[Web page caption snippets]

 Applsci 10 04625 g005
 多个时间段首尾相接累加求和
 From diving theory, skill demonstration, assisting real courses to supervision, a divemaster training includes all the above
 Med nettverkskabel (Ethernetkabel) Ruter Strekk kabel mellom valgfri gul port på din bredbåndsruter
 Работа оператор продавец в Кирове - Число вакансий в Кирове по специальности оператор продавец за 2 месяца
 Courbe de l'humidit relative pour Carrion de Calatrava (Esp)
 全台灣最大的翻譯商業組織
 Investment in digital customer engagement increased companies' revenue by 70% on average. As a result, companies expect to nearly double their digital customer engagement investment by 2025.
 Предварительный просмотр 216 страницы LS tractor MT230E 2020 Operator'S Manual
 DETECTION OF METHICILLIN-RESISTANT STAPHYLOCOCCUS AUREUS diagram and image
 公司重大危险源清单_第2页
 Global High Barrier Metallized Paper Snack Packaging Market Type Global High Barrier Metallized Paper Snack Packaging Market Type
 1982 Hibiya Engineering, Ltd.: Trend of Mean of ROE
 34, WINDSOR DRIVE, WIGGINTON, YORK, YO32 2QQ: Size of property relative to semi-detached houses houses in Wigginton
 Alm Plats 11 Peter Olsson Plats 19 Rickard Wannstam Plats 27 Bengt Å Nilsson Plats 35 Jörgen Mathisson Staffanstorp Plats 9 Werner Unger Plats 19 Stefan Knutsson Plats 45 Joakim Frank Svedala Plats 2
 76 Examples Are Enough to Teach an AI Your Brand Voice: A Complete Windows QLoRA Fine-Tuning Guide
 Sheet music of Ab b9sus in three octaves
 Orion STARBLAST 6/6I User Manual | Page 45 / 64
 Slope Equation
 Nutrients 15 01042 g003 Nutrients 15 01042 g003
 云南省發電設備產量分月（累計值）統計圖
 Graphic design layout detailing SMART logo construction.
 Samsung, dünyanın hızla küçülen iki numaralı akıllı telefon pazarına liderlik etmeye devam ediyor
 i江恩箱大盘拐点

WHAT NEEDS TO BE DONE ->
The full set of entries above needs to be restated word for word.

YOUR SOLUTION ->
 Applsci 10 04625 g005
 多个时间段首尾相接累加求和
 From diving theory, skill demonstration, assisting real courses to supervision, a divemaster training includes all the above
 Med nettverkskabel (Ethernetkabel) Ruter Strekk kabel mellom valgfri gul port på din bredbåndsruter
 Работа оператор продавец в Кирове - Число вакансий в Кирове по специальности оператор продавец за 2 месяца
 Courbe de l'humidit relative pour Carrion de Calatrava (Esp)
 全台灣最大的翻譯商業組織
 Investment in digital customer engagement increased companies' revenue by 70% on average. As a result, companies expect to nearly double their digital customer engagement investment by 2025.
 Предварительный просмотр 216 страницы LS tractor MT230E 2020 Operator'S Manual
 DETECTION OF METHICILLIN-RESISTANT STAPHYLOCOCCUS AUREUS diagram and image
 公司重大危险源清单_第2页
 Global High Barrier Metallized Paper Snack Packaging Market Type Global High Barrier Metallized Paper Snack Packaging Market Type
 1982 Hibiya Engineering, Ltd.: Trend of Mean of ROE
 34, WINDSOR DRIVE, WIGGINTON, YORK, YO32 2QQ: Size of property relative to semi-detached houses houses in Wigginton
 Alm Plats 11 Peter Olsson Plats 19 Rickard Wannstam Plats 27 Bengt Å Nilsson Plats 35 Jörgen Mathisson Staffanstorp Plats 9 Werner Unger Plats 19 Stefan Knutsson Plats 45 Joakim Frank Svedala Plats 2
 76 Examples Are Enough to Teach an AI Your Brand Voice: A Complete Windows QLoRA Fine-Tuning Guide
 Sheet music of Ab b9sus in three octaves
 Orion STARBLAST 6/6I User Manual | Page 45 / 64
 Slope Equation
 Nutrients 15 01042 g003 Nutrients 15 01042 g003
 云南省發電設備產量分月（累計值）統計圖
 Graphic design layout detailing SMART logo construction.
 Samsung, dünyanın hızla küçülen iki numaralı akıllı telefon pazarına liderlik etmeye devam ediyor
 i江恩箱大盘拐点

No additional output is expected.